Francisco da Gama

Flour

He started almost 20 years ago, before he was a farmer. Today he wants nothing else, he feels at home in that space. He doesn't plant wheat, he doesn't need to — farmers in the region bring theirs to grind and when there's more, it's already turned into flour.

Moinho de Santana
Santana, Madeira
+351 963 257 225

Introduced by
Teresa Vivas, Mesa Cultura Gastronónica


Texto de Tiago Pais
Fotografias de Tiago Pais

We are facing a well-disposed miller. He introduces himself as “Francisco da Gama, cousin of Vasco”. From the famous sailor? "No, from my cousin Vasco." The good mood continues inside the small cubicle that, seen from the outside, no one would say is a watermill. And, it’s not one, it's two: one for wheat and one for corn. The stories and the smile come out of him with the same ease with which he moves the millstones to transform the raw material that arrives there into flour. The mill, he warns at the outset, is not even his property, but his brother João Zé's. However, in Santana and its surroundings — a land where many residents claim that the best bread on the island is made — everyone recognizes him as the leading authority in the art of milling.

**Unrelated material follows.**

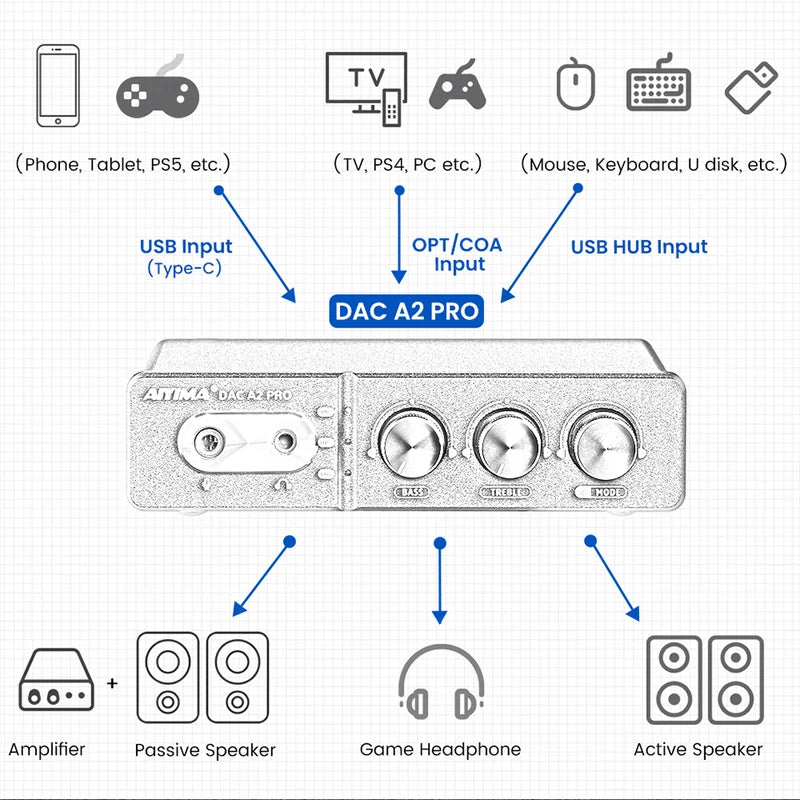 Aiyima DAC-A2 Pro Headphone DAC AMP with Bass and Treble Adjustment Control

He started almost 20 years ago, before he was a farmer. Today he wants nothing else, he feels at home in that space. He doesn't plant wheat, he doesn't need to — farmers in the region bring theirs to grind and when there's more, it's already turned into flour. At home, he also only uses his flour. “Once I let it run out and bought flour from the supermarket to make some pancakes. When I tasted that, I couldn't even eat it, I had to feed it to the pigs”, he says between smiles. He sells flour at 2€/kg. "Some people say it's expensive, but those who know it's good, pay and that's it."

It won't be expensive especially if the price includes a conversation with this miller-entertainer. One of his favourite numbers is to play a game with those who visit him for the first time: he bets that, even without seeing, he can guess when the flour will stop coming out of the sieve, which is on the opposite side of the crank that is turning. Bet won. Then, there he denounces himself—points to the small rearview mirror of a motorcycle hanging from the ceiling. “I see everything there”. And he smiles. Once again.